**Activity:**
Your answer must be a word-for-word copy of the listing, with all pictures excluded.

--- START ---

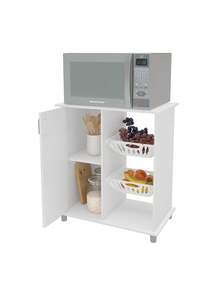 Muebles de cpc - Blanco - Ver 2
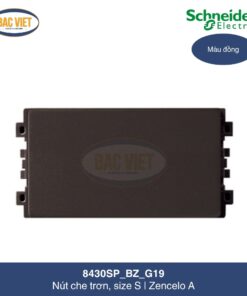 8430SP_BZ_G19-schneider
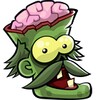 Zombies and Guns icon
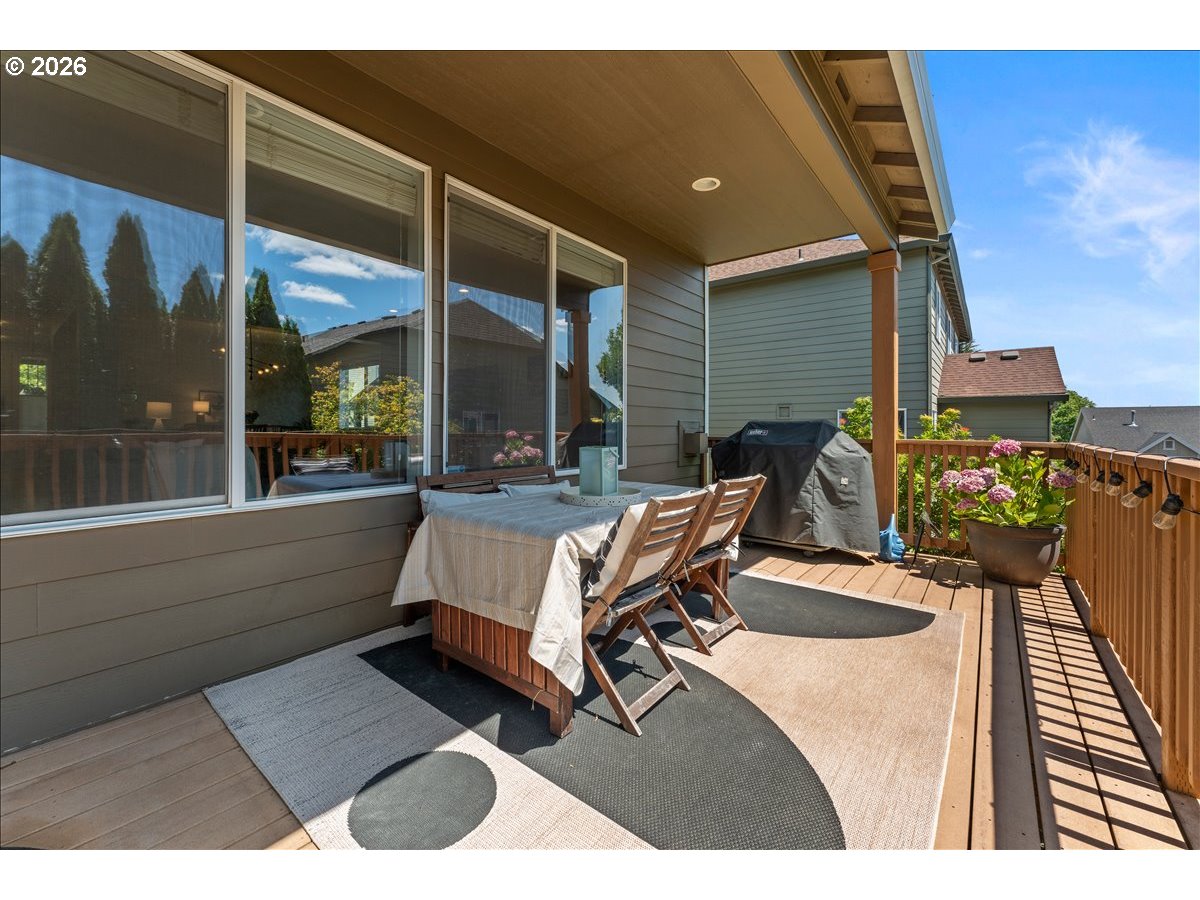 12996 SW HAZELCREST WAY
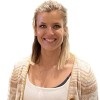 Katie Curran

--- END ---

**Finished exercise:**
 Muebles de cpc - Blanco - Ver 2
 8430SP_BZ_G19-schneider
 Zombies and Guns icon
 12996 SW HAZELCREST WAY
 Katie Curran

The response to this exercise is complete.